(Captioned web image data)
▶
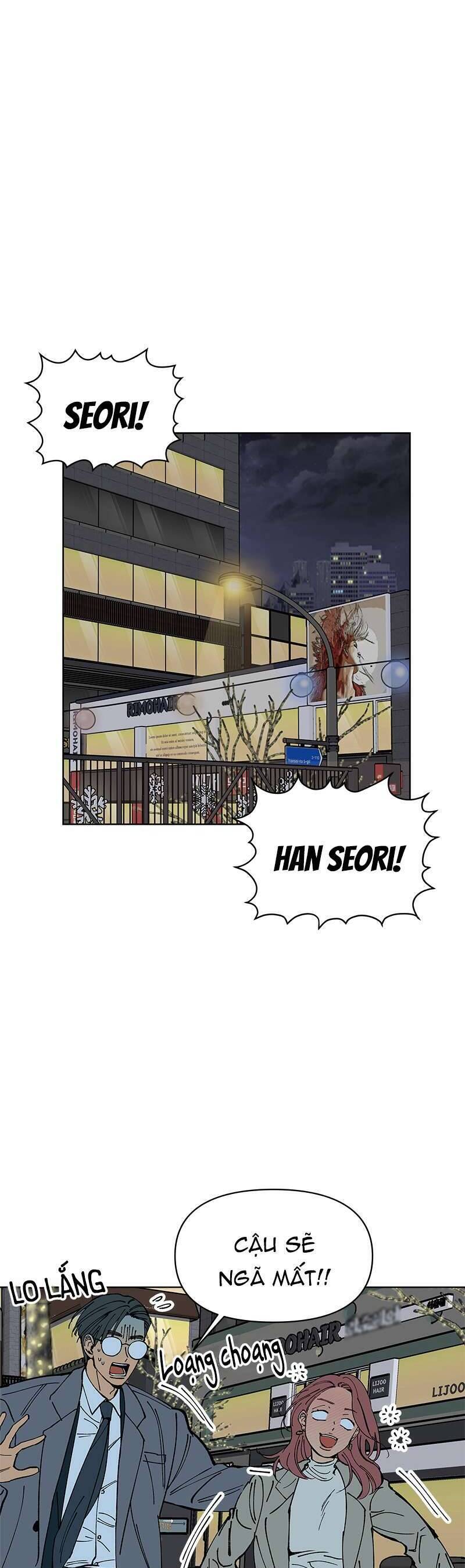 Tình Xưa Viết Lại Chapter  61 - 45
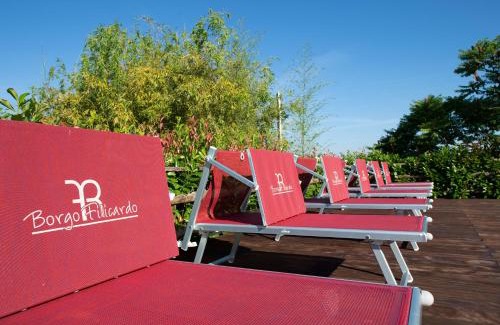 Montespertoli Apartment | Experience Comfort at Borgo Filicardo - 4-Star Retreat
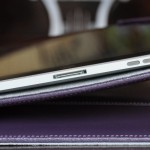 M Edge Executive Jacket for iPad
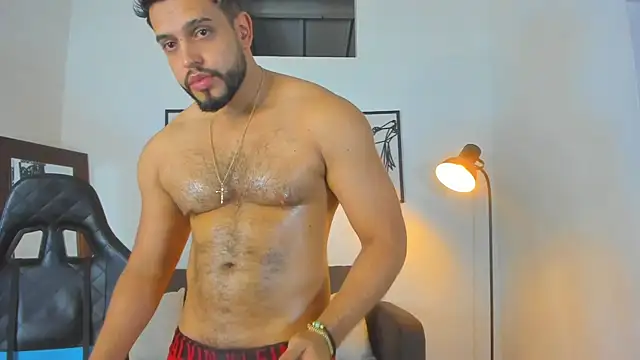 Justin kingX7 online show from 09.30.25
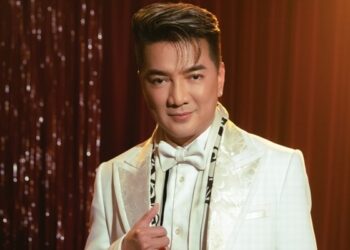 Động thái của Đàm Vĩnh Hưng sau khi Bộ VHTT&DL chỉ đạo làm rõ vụ cài huy hiệu ‘lạ’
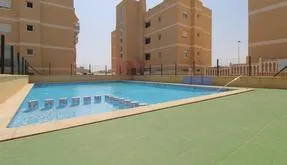 Torrevieja, España. Bienes raíces. Zona de la  Aguas Nuevas, 2 dormitorios, 53 m² - photo 3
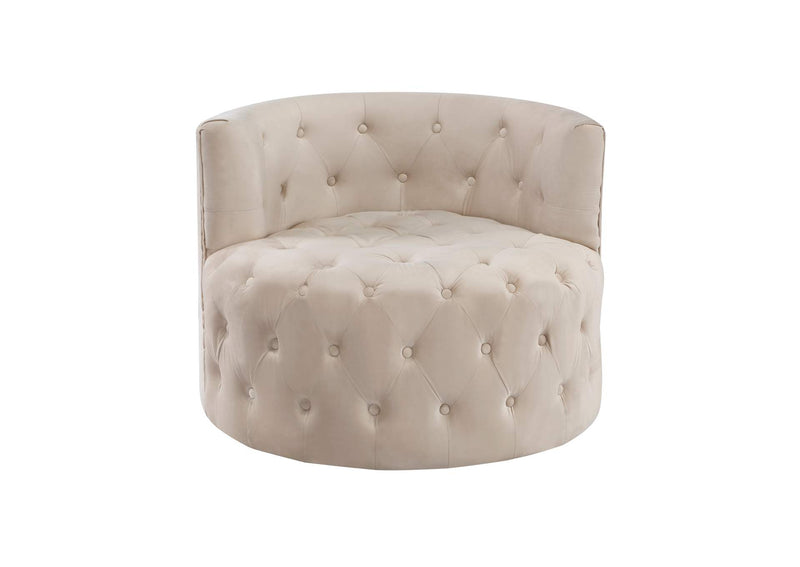 1290BE-1 Cheswold Swivel Chair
◀
**Problem to solve**
From the line that contains "Justin kingX7 online show from 09.30.25" through the last line of the entries, transcribe every line exactly, leaving out the pictures.

**Solution to the exercise**
 Justin kingX7 online show from 09.30.25
 Động thái của Đàm Vĩnh Hưng sau khi Bộ VHTT&DL chỉ đạo làm rõ vụ cài huy hiệu ‘lạ’
 Torrevieja, España. Bienes raíces. Zona de la  Aguas Nuevas, 2 dormitorios, 53 m² - photo 3
 1290BE-1 Cheswold Swivel Chair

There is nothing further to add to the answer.